# orange lamasi



## thedude (Nov 28, 2007)

hi ive had a proven pair of orange lamasi for a month now and in the past week ive noticed they are always out so im assuming they have gotten used to the tank and hopefully ill get eggs soon. i was just wondering if there is anythuing i can do to induce breeding? temps are good and humidity is between 95-100%. also, what angle should the film canisters be placed at and what height in the tank? right now i have 3 clearish white canisters in there and 1 is in the leaf litter at a 45 degree angle and 1 in the middle of the tank the is vertical and 1 at the top of the tank horizontally. also each one has a little water in it.
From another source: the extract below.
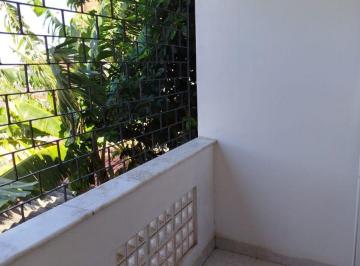 Casa de 3 quartos, Lauro de Freitas · CASA 3/4 LAURO DE FREITAS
any help is greatly appreciated!


----------



## slipperheads (Oct 17, 2007)

To induce breeding I hear committing a dry spell on the tank and then followed by a real storm with lots of misting works well. Just spray every few days to get the humidity down for a week or two and then follow with heavy misting a couple times a day. It can take months to get eggs people hope for, so don't get too exited.
Goodluck


----------



## Julio (Oct 8, 2007)

mine seem to deposit tads in the upper cannisters only that are angled at a 45degrees and are both clear, they dont choose the ones on the leaf litter at all.


----------



## thedude (Nov 28, 2007)

ok thanks, ill try putting them higher at a 45 angle and then ill try a dry period


----------



## slipperheads (Oct 17, 2007)

Goodluck!


----------



## Yidso (Mar 16, 2007)

I have Green Leg Lamasi, and i have had them for 9 months now..ive gotten eggs but all of them were bad. Dont get your hopes up, Orange Lamasi are harder to breed than Green Leg.

-Yidso


----------



## thedude (Nov 28, 2007)

i like a good challenge 8) 

they have breed before, just not with me.


----------



## rjmarchisi (Feb 16, 2004)

Mine were breeding like crazy, but stopped laying for a while, thought I might have lost the females, but I found them all this weekend and rearranged the tank and heard calling this morning.

rob


----------